--- START ---
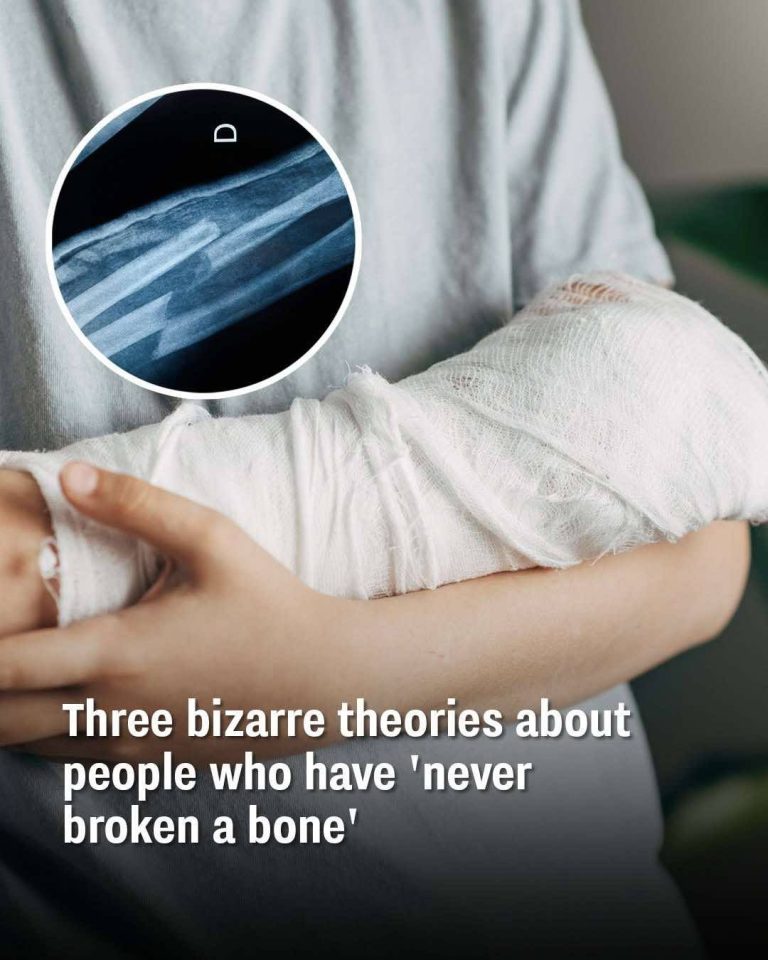 Bizarre theories about people who have ‘never broken a bone’
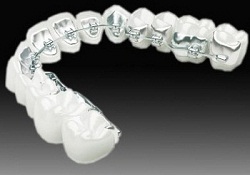 Common questions about orthodontics (braces)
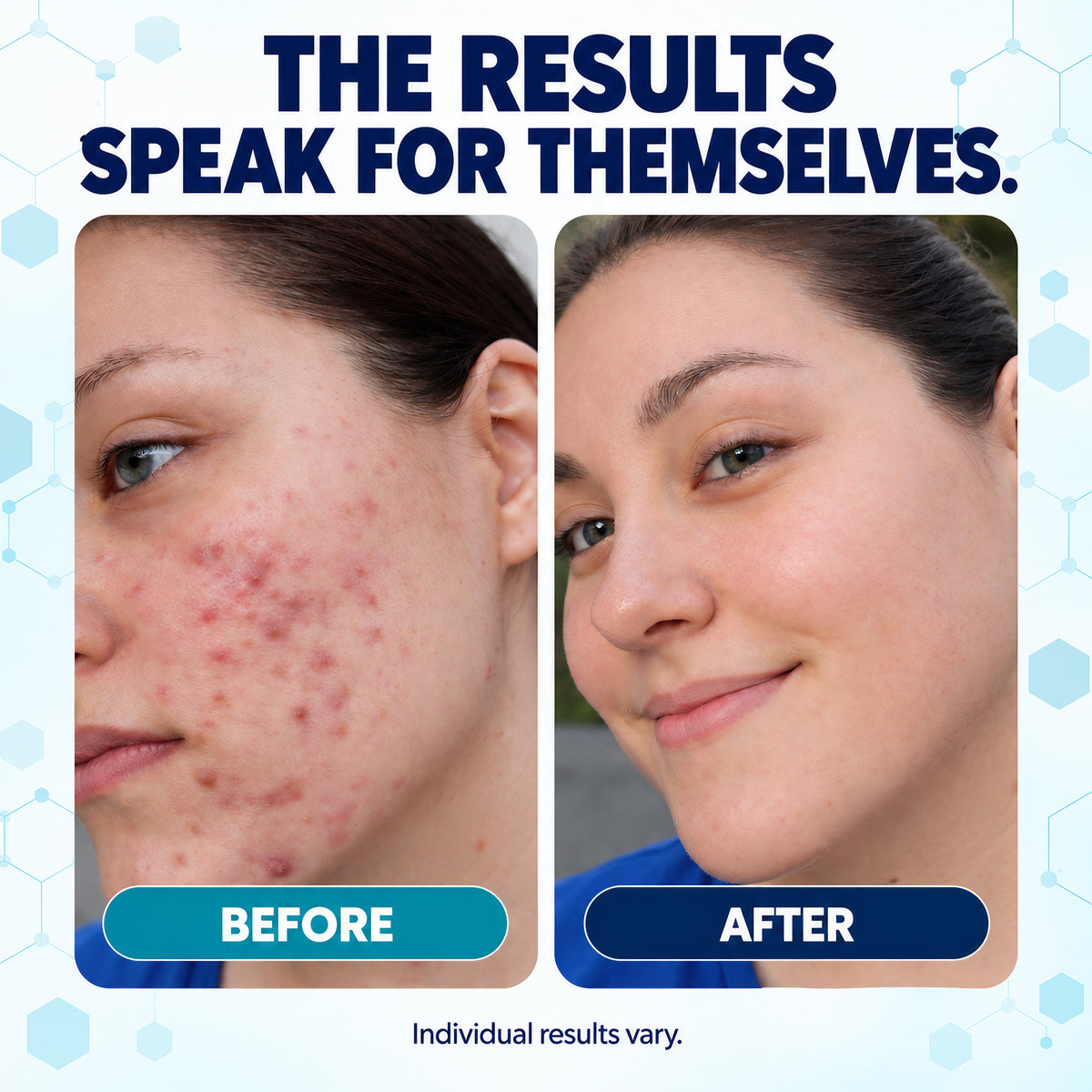 Neutralyze Renewal Complex - Before & After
--- END ---
§ **EXERCISE**
Repeat the data verbatim, excluding all pictures.

§ **EXERCISE OUTPUT**
 Bizarre theories about people who have ‘never broken a bone’
 Common questions about orthodontics (braces)
 Neutralyze Renewal Complex - Before & After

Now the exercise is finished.